Optionally pre-check known versions in `wm import ia-known-pages`
Closed this issue · 1 comments
In the wm import ia-known-pages
script, we first list all the pages in web-monitoring-db, then search for them in Wayback and import every memento we can find. Because we import data from overlapping time periods each time we run the import script (this works around occasional outages in the Wayback Machine’s indexing), we wind up import a lot of versions that we already have in web-monitoring-db! That’s not strictly a problem (web-monitoring-db will just ignore data it already has), but it is a waste of bandwidth and resources.
Instead, the import script should first load all the versions in the timeframe we're checking so that, as it gets CDX results, it can check them against the list and skip over versions that are already in the DB.

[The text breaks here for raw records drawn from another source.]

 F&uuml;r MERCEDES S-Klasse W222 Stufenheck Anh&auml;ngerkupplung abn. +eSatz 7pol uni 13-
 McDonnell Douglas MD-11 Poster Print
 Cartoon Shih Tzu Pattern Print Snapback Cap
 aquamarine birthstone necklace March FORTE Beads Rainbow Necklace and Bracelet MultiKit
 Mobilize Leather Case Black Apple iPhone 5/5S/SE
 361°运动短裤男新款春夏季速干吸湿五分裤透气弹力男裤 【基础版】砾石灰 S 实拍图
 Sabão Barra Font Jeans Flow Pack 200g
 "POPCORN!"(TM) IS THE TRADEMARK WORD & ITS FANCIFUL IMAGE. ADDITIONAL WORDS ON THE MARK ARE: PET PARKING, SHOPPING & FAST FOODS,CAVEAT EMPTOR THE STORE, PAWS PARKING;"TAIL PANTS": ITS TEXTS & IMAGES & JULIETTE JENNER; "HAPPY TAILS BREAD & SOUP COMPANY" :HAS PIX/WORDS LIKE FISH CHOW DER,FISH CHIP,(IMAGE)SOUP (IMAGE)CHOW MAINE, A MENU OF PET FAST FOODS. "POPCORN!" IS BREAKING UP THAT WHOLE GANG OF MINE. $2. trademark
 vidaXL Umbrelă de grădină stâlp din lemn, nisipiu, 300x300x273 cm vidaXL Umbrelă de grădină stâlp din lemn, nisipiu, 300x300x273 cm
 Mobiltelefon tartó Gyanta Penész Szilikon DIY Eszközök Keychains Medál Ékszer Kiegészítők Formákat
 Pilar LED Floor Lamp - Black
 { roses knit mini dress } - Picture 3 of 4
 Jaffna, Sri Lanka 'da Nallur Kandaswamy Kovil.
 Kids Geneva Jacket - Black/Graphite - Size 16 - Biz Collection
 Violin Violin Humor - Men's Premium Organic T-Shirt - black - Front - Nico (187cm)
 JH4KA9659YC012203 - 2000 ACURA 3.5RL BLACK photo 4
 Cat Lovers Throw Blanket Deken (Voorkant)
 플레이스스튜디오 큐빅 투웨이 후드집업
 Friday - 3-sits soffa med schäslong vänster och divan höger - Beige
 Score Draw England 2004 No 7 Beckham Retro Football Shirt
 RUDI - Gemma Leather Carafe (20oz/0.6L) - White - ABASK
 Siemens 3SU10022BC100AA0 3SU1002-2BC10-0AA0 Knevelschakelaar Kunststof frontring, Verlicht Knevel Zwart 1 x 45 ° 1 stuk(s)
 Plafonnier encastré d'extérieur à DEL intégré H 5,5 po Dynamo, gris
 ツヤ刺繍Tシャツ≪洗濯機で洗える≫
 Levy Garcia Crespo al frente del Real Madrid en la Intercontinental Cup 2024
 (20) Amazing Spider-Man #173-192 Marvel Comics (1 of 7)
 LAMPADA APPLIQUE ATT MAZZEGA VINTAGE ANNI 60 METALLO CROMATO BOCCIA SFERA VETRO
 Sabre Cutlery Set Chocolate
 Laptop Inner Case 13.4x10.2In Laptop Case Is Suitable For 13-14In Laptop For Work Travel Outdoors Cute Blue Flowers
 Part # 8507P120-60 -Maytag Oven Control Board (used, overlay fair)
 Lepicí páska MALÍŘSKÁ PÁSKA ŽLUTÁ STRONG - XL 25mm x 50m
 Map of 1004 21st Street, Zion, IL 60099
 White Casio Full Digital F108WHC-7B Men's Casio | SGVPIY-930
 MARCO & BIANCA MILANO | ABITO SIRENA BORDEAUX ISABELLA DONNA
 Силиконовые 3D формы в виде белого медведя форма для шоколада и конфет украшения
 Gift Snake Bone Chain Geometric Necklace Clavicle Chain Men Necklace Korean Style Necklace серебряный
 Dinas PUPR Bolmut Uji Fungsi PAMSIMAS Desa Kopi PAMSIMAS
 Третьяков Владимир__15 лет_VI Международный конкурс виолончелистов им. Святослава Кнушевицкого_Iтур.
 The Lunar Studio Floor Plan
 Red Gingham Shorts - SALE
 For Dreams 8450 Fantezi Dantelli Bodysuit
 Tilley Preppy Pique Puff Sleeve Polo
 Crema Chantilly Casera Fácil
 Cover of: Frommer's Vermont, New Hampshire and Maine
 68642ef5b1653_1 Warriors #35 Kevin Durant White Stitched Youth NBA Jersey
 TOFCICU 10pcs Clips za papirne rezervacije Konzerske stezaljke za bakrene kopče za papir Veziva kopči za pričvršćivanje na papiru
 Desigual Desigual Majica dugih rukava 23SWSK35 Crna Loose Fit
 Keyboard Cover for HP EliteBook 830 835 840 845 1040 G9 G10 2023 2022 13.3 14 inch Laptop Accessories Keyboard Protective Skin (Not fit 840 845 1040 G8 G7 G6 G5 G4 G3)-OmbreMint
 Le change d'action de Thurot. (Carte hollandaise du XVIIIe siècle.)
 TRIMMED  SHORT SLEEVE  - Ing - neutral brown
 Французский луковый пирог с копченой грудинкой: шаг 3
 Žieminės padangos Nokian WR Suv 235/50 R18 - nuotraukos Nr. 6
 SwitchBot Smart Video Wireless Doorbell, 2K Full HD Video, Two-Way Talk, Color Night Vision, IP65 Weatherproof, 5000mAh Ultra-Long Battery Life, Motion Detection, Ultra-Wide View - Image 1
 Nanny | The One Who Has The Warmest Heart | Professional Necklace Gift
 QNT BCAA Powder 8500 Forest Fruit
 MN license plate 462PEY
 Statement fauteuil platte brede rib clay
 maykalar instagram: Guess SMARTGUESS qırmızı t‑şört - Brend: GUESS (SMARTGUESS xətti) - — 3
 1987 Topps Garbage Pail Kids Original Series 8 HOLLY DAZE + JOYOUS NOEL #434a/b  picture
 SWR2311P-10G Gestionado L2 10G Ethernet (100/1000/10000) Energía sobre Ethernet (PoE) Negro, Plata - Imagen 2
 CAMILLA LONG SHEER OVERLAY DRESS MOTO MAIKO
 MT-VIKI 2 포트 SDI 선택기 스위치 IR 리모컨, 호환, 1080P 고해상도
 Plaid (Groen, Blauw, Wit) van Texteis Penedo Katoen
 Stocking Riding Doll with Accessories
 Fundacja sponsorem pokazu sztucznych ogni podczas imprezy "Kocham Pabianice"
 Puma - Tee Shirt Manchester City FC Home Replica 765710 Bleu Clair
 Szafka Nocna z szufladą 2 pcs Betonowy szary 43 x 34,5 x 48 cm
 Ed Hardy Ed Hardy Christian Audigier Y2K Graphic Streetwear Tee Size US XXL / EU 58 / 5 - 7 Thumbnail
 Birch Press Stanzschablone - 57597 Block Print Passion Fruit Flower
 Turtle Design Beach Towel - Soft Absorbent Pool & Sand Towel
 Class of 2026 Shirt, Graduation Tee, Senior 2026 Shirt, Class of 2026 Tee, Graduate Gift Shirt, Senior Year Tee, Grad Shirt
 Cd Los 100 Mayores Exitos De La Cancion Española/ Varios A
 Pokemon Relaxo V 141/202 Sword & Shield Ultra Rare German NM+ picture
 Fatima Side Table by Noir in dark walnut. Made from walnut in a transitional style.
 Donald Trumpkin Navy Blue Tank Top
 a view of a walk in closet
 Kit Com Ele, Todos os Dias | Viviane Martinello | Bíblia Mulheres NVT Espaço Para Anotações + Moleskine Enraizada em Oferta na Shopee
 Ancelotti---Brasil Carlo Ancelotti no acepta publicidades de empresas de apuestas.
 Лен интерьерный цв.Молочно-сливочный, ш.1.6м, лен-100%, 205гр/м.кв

After loading the list of page URLs in import_ia_db_urls()
:
web-monitoring-processing/web_monitoring/cli/cli.py
Lines 555 to 561 in 06e3e51
We should load all the versions in the timeframe (using the new features in #660) and add them to version_filter
, e.g:
if should_precheck:
print('Pre-loading known versions...')
memento_key = lambda time, url: f'{time.strftime("%Y%m%d%H%M%S")}|{url}'
versions = client.list_all_versions(start_date=from_date,
end_date=to_date,
sort='capture_time:asc',
chunk_size=1000)
known_mementos = set(memento_key(v["capture_time"], v["capture_url"]) for v in versions)
_filter = version_filter
def precheck_filter(cdx_record):
if memento_key(cdx_record.timestamp, cdx_record.url) in known_mementos:
return False
return _filter(cdx_record)
version_filter = precheck_filter
Because this can be a time and memory consuming process for large timeframes, we should probably have a CLI option to turn it on (or off, not sure which).